In The Hobbit, the ring's invisibility is effective against orcs, dwarves, wood-elves, men, hobbits, giant spiders, Smaug, Gandalf, and Gollum (not yet counted as a hobbit). I'd count two times for Gandalf - Bilbo finding the group again after escaping the goblin tunnels, and when Gandalf and others are searching for the unconscious invisible Bilbo after the Battle of Five Armies.

In The Lord of the Rings, the Ring makes it easier for Ringwraiths to see you, and Sauron himself can perceive the Ring being worn. The Ringwraiths are in the same unseen realm as Frodo when they see each other on Weathertop. There are no examples, other than the exceptional case of Tom Bombadil, of a ring-user being seen by a non-ring-user. When the Nazgul are fleeing "unhorsed and unmasked", none of the pursuing elves are able to track them - a group which must include some who like Glorfindel had a presence in the unseen. They are described in The Silmarillion as "unseen by all eyes in this world beneath the sun", a simplification, but one which lands differently from something like "unseen by all eyes save those who had beheld the light of the Trees", which Tolkien did not write.
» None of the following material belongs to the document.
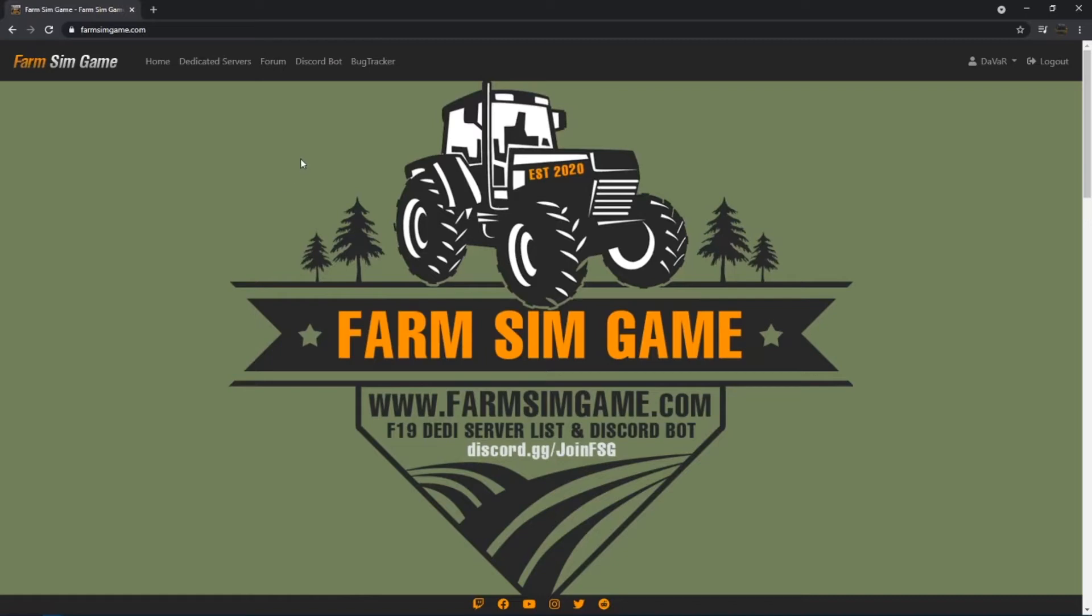Hello everybody, this is Davar with FarmSimGame. I'm going to go over real quick how to add the FarmSimGame bot to your server.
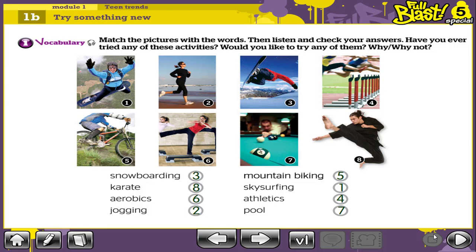Now I want you to sort out the usual sports. The usual sports here are karate, aerobics, jogging, athletics and pool. What about the other activities? Snowboarding, mountain biking and skysurfing are considered extreme sports.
Even Gandalf, who has an Elven-ring, does not seem to see Bilbo when he dons the Ring at the birthday party. Afterwards he says "I am glad to find you visible" and while he might be dissembling, the most obvious reading is that the Ring worked on him just as well as it did in The Hobbit. Gandalf is, I think, able to see Glorfindel's shining aura: his conversation with Frodo makes it sound like he recognizes the description from his own experience. It could be that he's recalling seeing him as Olorin in Valinor, or heard it from another of the Calaquendi, but we see enough other examples of his heightened perception that I'm inclined to take it as first-hand. (Gandalf senses the Balrog through a door, speaks telepathically with others, sees Frodo's hand as translucent after the stabbing, etc.) He can perceive the unseen, at certain times, but cannot see a Ring-user.
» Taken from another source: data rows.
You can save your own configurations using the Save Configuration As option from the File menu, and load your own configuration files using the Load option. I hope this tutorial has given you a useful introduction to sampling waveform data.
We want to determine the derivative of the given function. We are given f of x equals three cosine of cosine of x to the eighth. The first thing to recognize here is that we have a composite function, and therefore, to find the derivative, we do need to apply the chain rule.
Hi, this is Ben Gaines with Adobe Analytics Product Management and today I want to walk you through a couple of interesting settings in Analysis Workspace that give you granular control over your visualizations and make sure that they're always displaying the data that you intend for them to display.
My sense is that the unnatural magic of the Sauron-made rings, especially the One Ring, means that they are doing something different from what happens to an elf who dwells in the Blessed Realm. The latter is a gift from the Valar, and the former is a transgressive act of sorcery. It is to do with Sauron's epithet of "the Necromancer" and his specific affinity with death (including, in The Silmarillion, vampires and werewolves and death-cults). The wraith experience is consistently presented as horrifying, which is not true of the Unseen in general. It is cold and dark and isolating. Even orcs fear it, as we learn from conversation overheard in Mordor. The same is true for the Ring's extension of life, leaving you "thin and stretched", as opposed to the true immortality enjoyed by the elves. I am inclined to think that the wraith-world is only one aspect of the Unseen - and a particularly evil one at that - which is not automatically accessible even to those who ordinarily see the unseen. There is some wiggle-room here: the Barrow-wights, the Army of the Dead, and the bodies in the Dead Marshes can be seen even by mortals if the circumstances are right. Those who are in the wraith-world by virtue of Sauron's rings seem to be there more completely and consistently.
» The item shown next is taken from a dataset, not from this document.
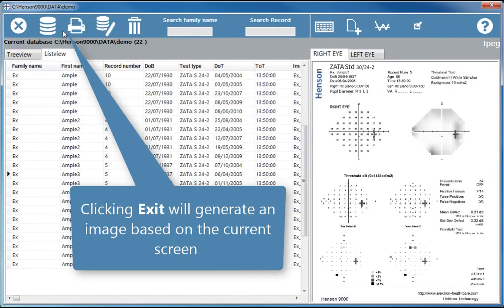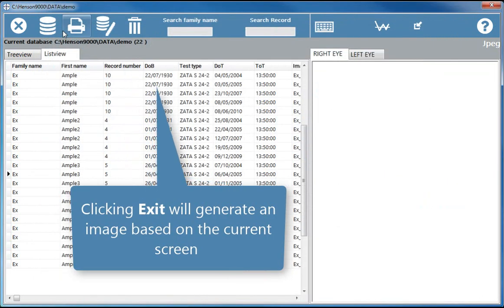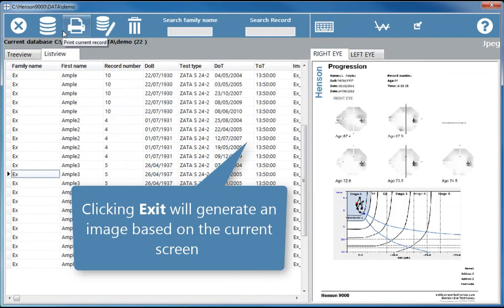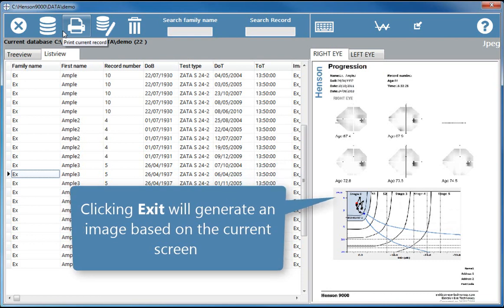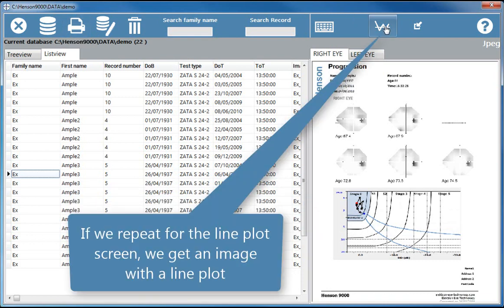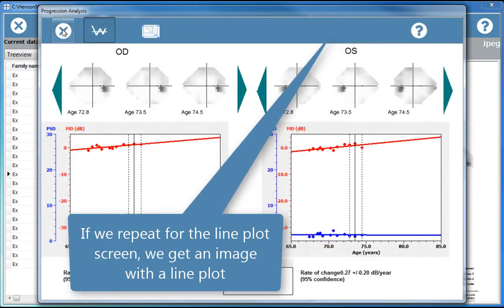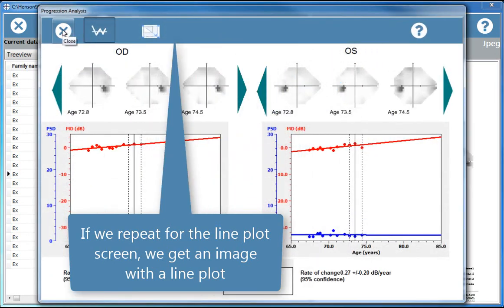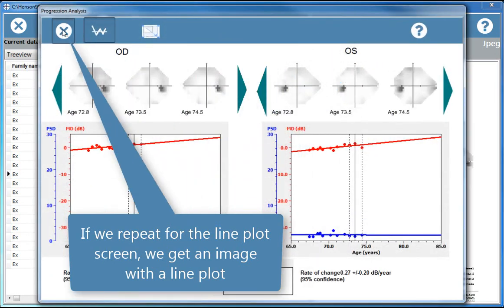Clicking exit will generate an image based on the current screen. If we repeat for the line plot screen, we get an image with a line plot.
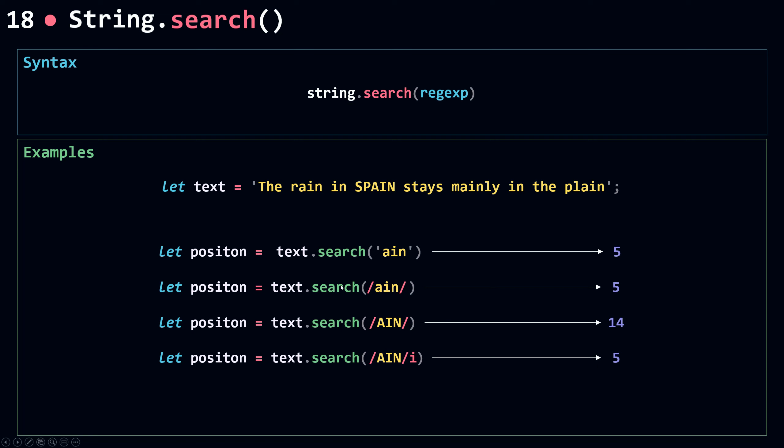So search here returns an index of the first match and search is case sensitive. Now when search fails to find a match between your regular expression and the string object, it will return minus 1. And that's it for search. Let's move on to the next method.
Now for the Balrog. A Balrog is another kind of evil spirit, a fire-demon of the ancient world. The Balrog of Moria is the only one known to have survived the destruction of Thangorodrim at the end of the First Age. They have nothing in particular to do with wraiths or the dead, although they can work magic (as in Moria). I do not think that merely being a Maia, even an evil one, is enough to be able to see wraiths. As the Balrog is bound into a monstrous form, it is perhaps less likely than the average Maia to be in touch with the unseen. It is also of lesser stature than Sauron, whose power is in the Ring. I think that it could not see a Ring-user.

In the narrative, the Balrog does not pursue or interact with Frodo specifically - it's more interested in Gandalf. While early drafts, described in The Return of the Shadow, had the Balrog being sent from Mordor, that's not part of the published version. Other early ideas were that its place would be taken by a Black Rider, or by Saruman, which would push the story in slightly different directions. As written, the function is to kill off Gandalf for a while, but not to heighten Sauron's pursuit of the Ring: the unfolding of the story seems to require him to not be quite sure where the Ring might be. The introduction of the Balrog serves to provide a threat that is not from Sauron himself, but is still sufficient to dispatch Gandalf. So there is also some story purpose to having the Balrog be unrelated to the Ring.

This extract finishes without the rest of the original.